Belakangan kata Nusantara menjadi sensitif bagi kita, apalagi adanya lebel-lebel Islam di belakangnya. Islam Nusantara dipahami sebagai ancaman, agama baru ataukah aliran baru. Dan ini tidak hanya berpolemik ditataran awam, malah menjadi isu perlawanan yang dilakukan oleh sebagian pemuka agama. Mengadu Islam dengan Nusantara adalah sebuah kekeliruan berpikir, dan bersamanya juga kita sedang melupakan sejarah Nusantara itu sendiri.

Mengadu kata Islam dengan Nusantara telah melupakan sejarah peradabannya. Nusantara adalah sebuah wilayah yang merentang letak geografis. Nusantara adalah sebuah wilayah yang sudah terbangun sebuah peradaban yang kuat. Di Nusantara telah terbangun sebuah tatanan masyarakat yang maju dengan jalur dagang yang menjadi pusat perhatiaan para pedagang dari berbagai negara, bahkan benua. Tidak hanya sampai di situ, di Nusantara telah terbangun sebuah tatanan politik dengan Islam sebagai basis kekuatan pemerintahannya.

Raja-raja yang beragama Islam telah menguasai kerajaan-kerajaan besar, dari kerajaan Aceh, Banten, Demark, Mataram, dan kerajaan-kerajaan kecil di tanah-tanah Meulayu. Dan puluhan kerajaan Islam yang terbentang sepanjang wilayah Nusantara. Kerajaan-kerajaan ini telah membangun peradabannya.

Nusantara yang membentang dari wilayah ujung Sumatra hingga Papua, sepanjang sejarahnya telah melewati pasang surut, kerajaan-kerajaan yang dulunya telah membangun kekuatan harus melewati seleksi alam.

Berdiri, berkembang, dan runtuh, sebagaimana ibn Khaldun telah menyebutkan, negara dengan fase yang dilewatinya tidak menjamin akan bertahan sepanjang masa, dan akan menemukan ajalnya. Dan ini telah disebutkan di dalam kitab suci, bahwa kekuasaan itu akan digilir kepada tangan-tangan (kekuasaan) yang berbeda-beda. Namun dibalik runtuhnya sebuah kerajaan tetap akan menyisakan perdabannya.

Peradaban Nusantara telah terbangun dengan berbagai ranah dan wilayah. Manusia terus bergerak dan membentuk budayanya masing-masing. Sejarah mencatat melalui artefak-artefak peradaban yang mengirim pesan bahwa Nusantara ratusan tahun yang lalu telah melahirkan berbagai macam produk kebudayaannya. Ada yang dibangun melalui kekuatan politik, sosial, ekonomi, perdagangan, hasil alam, serta melahirkan banyak intelektual.

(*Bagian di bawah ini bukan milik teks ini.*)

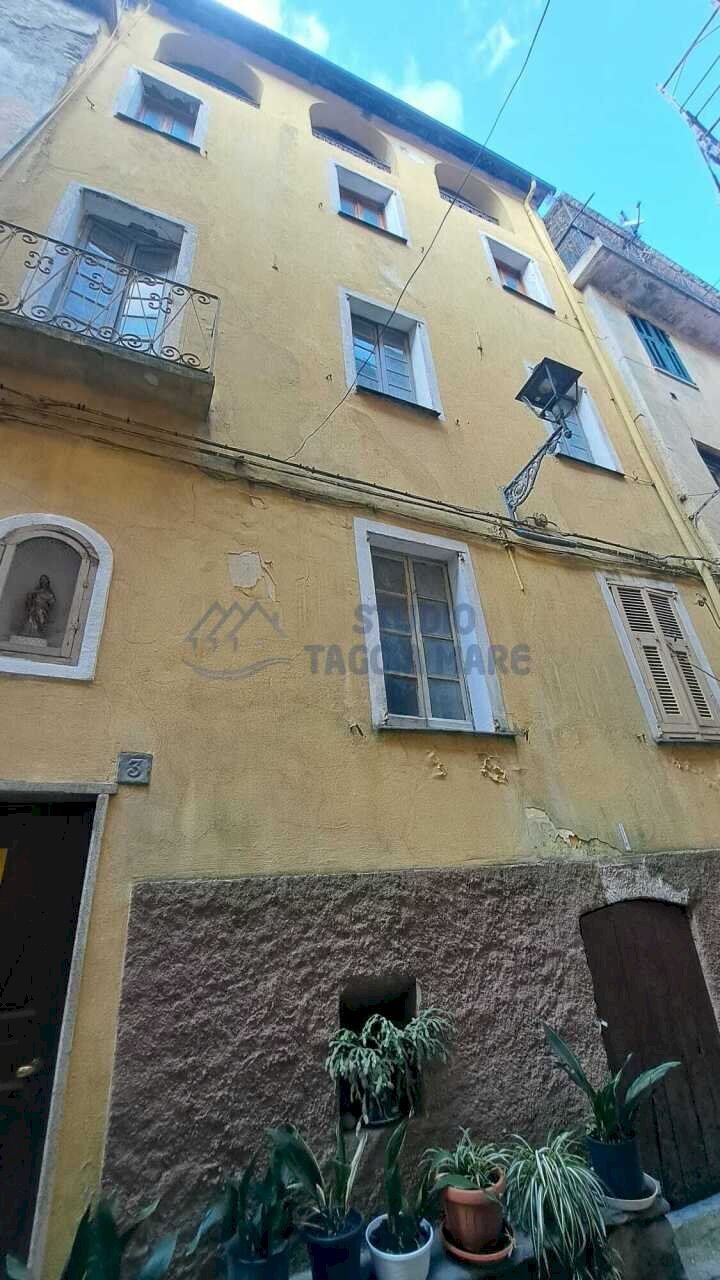 WhatsApp Image 2026-03-04 at 11.52.49.jpeg - Terratetto - Terracielo Via Armando Cane, Badalucco - foto 3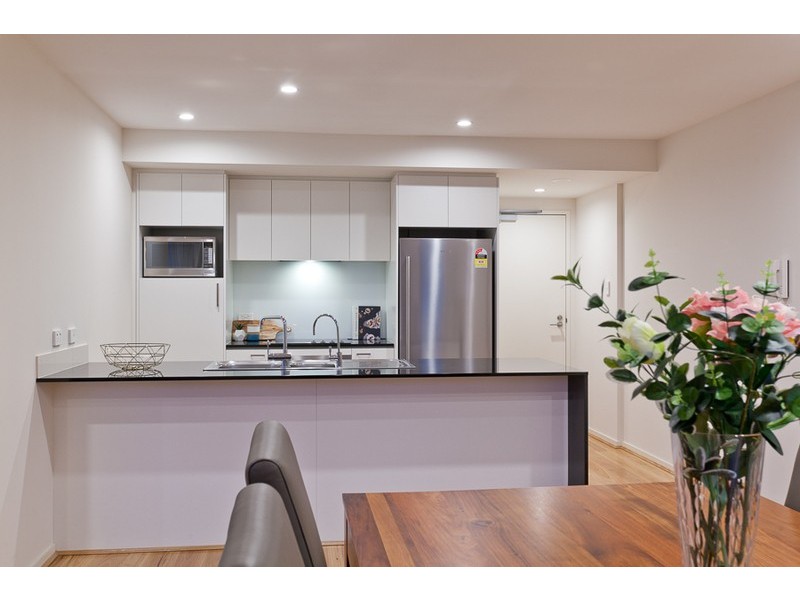 136/311 Hay Street, East Perth WA 6004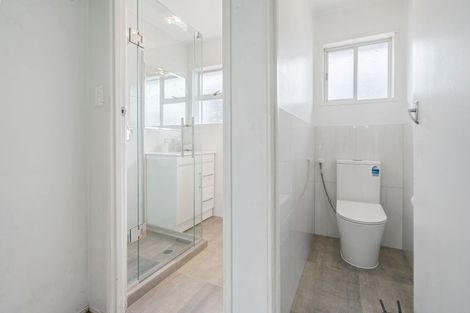 Photo of property in 6/167 Shirley Road, Papatoetoe, Auckland, 2025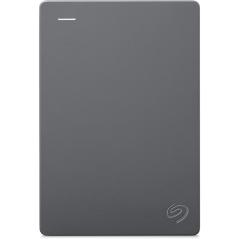 Seagate Basic STJL4000400 4TB 2.5" USB 3.0 Negro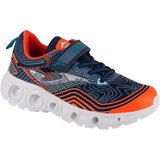 Joma Rase Jr 24 JRASEW Plava Cijene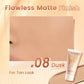 Pore-Blurring Matte Foundation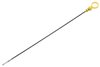 INDICATOR ASM-O (SLP-1)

Intelektualitas membangun pemikiran dalam berbagai bidang, telah menjadikan Nusantara sebagai pusat pengkajian para peneliti dunia. Baik terkait dengan agama, politik, ekonomi, militer, dan lain sebagainya. Sekitar enam abad yang lalu Nusantara telah menjadi pusat perhatian dunia dari berbagai negara, mereka tergiur dengan hasil alamnya. Rempah-rempah telah menjadikan Nusantara penuh dengan pertumpahan darah melalui peperangan yang diakibatkan oleh thamaknya manusia memahami dunia.

Islam hadir sebagai intrumen akomodatif terhadap budaya yang dianggap menyimpang dan betentangan dengan Alquran dan fitrah kemanusiaan. Hal inilah yang dihadapi oleh Nabi Muhammad saw., selama berada di Mekkah, penyimpangan aqidah telah terjadi di masyarakat dengan tradisi masyarakat Qurays menyembah patung berhala. Tiga belas tahun Nabi Muhammad saw., di Mekkah untuk membebaskan manusia dari penyimpangan aqidah.

Begitu juga dengan budaya yang melawan fitrah kemanusiaan, di Madinah Nabi Muhammad saw., telah membangun jembatan ishlah antar suku yang gemar bertikai dan berperang dengan sesamanya.

Satu suku menjadi ancaman bagi suku yang lain. Permusuhan antar suku ini dapat dilerai dengan penetrasi budaya melalui kontitusi hukum kenegaraan. Lahirlah konstitusi negara Madinah yang dipelopori oleh Nabi Muhammad saw., sehingga dengannya prototipe wujud dari negara yang membawa nilai-nilai Islam terbentuk.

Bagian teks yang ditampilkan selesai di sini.